Every story you hear about Campbell is like this. The Miami Dolphins' interim head coach is a cross between an everyman and a superhero. Each time somebody tells you he's just one of the guys, that testimony invariably precedes a story that validates his fast-growing legend.
If Bill Belichick is General Patton, then Dan Campbell is William Wallace.
"I would run through anything for Coach Campbell," linebacker Chris McCain said this week. "A brick wall. A cement wall. Anything."
You think this is media-driven hype? You think, as the Dolphins prepare to play the Patriots in a suddenly interesting game on "Thursday Night Football," the public is unjustifiably turning Campbell into something he is not?
That's fine. Just don't tell his players.
Once Campbell became the interim coach, center Mike Pouncey and several teammates decided to do a little more digging on him. They wanted to learn more about a man they knew mostly as a cool, passionate assistant coach. So they took to Google.
"When you're trying to figure out your head coach, you want to know everything about him," Pouncey said. "So we're watching videos of his playing days, and this guy was an animal. Big as hell. Long hair. Yeah, we've learned a lot about Campbell recently.
"The more you learn ... the more you love him."

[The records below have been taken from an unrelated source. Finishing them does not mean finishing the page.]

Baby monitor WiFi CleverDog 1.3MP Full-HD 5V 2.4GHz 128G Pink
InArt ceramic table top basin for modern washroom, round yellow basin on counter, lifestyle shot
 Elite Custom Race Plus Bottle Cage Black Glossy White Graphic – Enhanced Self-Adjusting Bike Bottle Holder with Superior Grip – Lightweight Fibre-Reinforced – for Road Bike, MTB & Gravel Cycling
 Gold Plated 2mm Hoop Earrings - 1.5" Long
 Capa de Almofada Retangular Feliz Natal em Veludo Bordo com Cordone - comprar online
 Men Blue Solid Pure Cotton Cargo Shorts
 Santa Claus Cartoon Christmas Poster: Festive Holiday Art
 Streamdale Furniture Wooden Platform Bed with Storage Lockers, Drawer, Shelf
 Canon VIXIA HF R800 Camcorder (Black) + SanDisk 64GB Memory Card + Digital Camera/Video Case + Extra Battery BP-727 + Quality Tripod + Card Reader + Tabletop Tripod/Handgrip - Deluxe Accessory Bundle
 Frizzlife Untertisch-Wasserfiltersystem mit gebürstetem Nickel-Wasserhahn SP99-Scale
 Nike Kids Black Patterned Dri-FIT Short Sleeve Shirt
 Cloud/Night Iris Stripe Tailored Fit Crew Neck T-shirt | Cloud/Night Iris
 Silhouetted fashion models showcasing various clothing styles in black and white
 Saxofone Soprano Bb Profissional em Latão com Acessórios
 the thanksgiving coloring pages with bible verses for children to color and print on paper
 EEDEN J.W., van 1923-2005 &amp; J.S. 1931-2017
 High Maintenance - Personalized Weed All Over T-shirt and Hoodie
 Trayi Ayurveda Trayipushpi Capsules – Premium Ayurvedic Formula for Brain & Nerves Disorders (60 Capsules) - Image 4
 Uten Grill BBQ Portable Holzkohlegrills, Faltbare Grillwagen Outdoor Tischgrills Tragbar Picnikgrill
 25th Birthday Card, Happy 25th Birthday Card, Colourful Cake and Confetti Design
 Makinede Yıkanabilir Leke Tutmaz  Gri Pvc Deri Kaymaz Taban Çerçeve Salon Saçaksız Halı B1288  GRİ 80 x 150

Former Dolphins guard Richie Incognito calls Campbell "My dude." Ex-Miami tight end Anthony Fasano says Campbell is the ultimate "guy's guy." Former coach Tony Sparano, who gave Campbell his first NFL coaching job, said he's "always loved the guy for his toughness and love for football."
Everyone who spent time around Campbell as a player remembers, despite the fact that he played tight end, how he wanted to be treated more like an offensive lineman. He was a gritty guy who loved to block. He didn't care about his own stats -- only wins and losses.
So when Campbell phoned Sparano after three weeks at Texas A&M's spring practices, the then-Dolphins head coach brought Campbell onto his staff as an assistant coach. "And I never let him go home," Sparano said Wednesday. "I guess that was a good decision."